Дождливый ноябрьский вечер окутал подъезд тяжёлой сыростью. Ирина стояла на пороге квартиры Андрея, сжимая в руках потёртую сумку с личными вещами. Ключи от собственной двухкомнатной квартиры жгли ладонь сквозь карман пальто.
— Ну что ты стоишь? — Андрей нетерпеливо мял свой любимый брелок. — Мама уже стол накрыла.
Дверь распахнулась, и на пороге появилась Галина Петровна — аккуратная женщина в домашнем халате, с хозяйским взглядом, который сразу окинул Ирину с ног до головы.
— Ирочка, наконец-то! — Свекровь мягко похлопала её по плечу. — Проходи, проходи.
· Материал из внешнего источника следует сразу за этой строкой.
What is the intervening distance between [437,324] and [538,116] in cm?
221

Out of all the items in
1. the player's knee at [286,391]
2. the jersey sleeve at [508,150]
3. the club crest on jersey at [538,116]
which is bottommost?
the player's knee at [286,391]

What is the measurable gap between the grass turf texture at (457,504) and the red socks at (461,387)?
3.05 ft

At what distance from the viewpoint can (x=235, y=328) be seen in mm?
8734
Обувь вот здесь ставь, куртку на этот крючок. У нас везде свой порядок.
Запах варёного лука и застиранных полотенец ударил в нос. В глубине квартиры бурчал отец Андрея, раздражённо щёлкая спичками.
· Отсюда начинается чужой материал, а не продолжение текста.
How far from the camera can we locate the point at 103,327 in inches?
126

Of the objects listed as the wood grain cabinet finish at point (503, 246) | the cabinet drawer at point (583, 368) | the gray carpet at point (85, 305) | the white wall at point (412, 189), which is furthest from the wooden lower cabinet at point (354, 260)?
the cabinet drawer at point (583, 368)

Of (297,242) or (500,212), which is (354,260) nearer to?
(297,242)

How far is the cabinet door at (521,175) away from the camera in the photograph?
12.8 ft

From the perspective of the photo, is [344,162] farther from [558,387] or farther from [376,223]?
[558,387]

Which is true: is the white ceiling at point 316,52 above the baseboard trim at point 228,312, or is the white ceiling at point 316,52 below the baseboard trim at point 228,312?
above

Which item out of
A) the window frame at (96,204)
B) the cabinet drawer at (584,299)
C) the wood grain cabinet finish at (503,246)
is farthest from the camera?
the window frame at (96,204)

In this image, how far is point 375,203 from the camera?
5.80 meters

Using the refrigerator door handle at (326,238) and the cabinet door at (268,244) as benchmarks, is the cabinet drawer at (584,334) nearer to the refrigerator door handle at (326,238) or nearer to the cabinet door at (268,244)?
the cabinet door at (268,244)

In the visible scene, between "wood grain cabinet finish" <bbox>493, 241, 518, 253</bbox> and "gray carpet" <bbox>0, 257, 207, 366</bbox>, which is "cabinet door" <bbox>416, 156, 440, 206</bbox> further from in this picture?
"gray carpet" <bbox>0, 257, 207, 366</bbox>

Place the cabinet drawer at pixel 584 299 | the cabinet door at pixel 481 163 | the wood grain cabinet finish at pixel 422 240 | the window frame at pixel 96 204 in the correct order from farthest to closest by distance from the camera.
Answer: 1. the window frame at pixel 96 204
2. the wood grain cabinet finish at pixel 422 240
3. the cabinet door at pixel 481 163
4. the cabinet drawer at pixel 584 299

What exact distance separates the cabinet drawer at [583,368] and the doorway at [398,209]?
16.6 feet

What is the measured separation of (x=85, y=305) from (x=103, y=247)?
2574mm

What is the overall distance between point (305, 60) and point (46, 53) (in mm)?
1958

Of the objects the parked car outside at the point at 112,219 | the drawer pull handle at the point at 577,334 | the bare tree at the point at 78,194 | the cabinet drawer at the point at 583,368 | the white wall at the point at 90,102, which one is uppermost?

— Опять кто-то мою газету закрыл, — донеслось из комнаты.
— Папа, это Ирина приехала, — тихо сказал Андрей, но старик только сильнее застучал кастрюлями на кухне.
Галина Петровна провела их по узкому коридору, где тускло горела единственная лампочка.
— Вот ваша комната. Я уже постель приготовила, вещи можно в этот шкаф. — Она открыла дверцы старого платяного шкафа. — Полотенца складываем сюда, носки туда. У нас всё просто, главное — чтобы всем было удобно.
Удобно всем… А мне?
Ирина кивнула, не доверяя собственному голосу. Андрей уже выскользнул из комнаты.
— Я на созвон сейчас, дела нужно доделать, — бросил он через плечо. — К ужину освобожусь.
И вот она стояла одна среди чужих стен, чужих запахов и правил. Сумка казалась неподъёмной, а влажные ладони не могли разжаться.
Утром Ирина проснулась от звяканья посуды на кухне. Андрей уже работал за компьютером, не поднимая головы. В коридоре пахло жареным луком и старыми тапочками.
Она прошла на кухню, где Галина Петровна хлопотала у плиты.
— Доброе утро, Ирочка. Чайку? — Свекровь уже доставала кружки, не дожидаясь ответа. — Сахар у нас вот здесь, заварку берём из этой банки. Андрюша любит покрепче.
Ирина потянулась к чайнику, но Галина Петровна мягко отстранила её.
— Я сама, я сама. Ты же в положении, береги себя. — Она разлила чай по кружкам. — У нас в семье всё по-простому. Ничего, привыкнешь — совсем родной станешь.
Родной… в чужом доме.
— Доброе утро, — буркнул из-за стола Владимир Иванович, не отрывая взгляда от газеты. — Молодёжь нынче поздно встаёт.
— Папа, Ира беременная, ей нужно отдыхать, — робко заступилась за неё Галина Петровна.
Старик только махнул рукой и снова углубился в чтение.
Андрей мелькнул на кухне, схватил кружку с чаем и исчез, даже не взглянув на жену. Радиоприёмник на подоконнике бубнил что-то про погоду. На столе блестела жирная плёнка от вчерашнего ужина.
Ирина прижала ладонь к животу. Кружка была липкой от чужих рук, чай горчил незнакомым сахаром.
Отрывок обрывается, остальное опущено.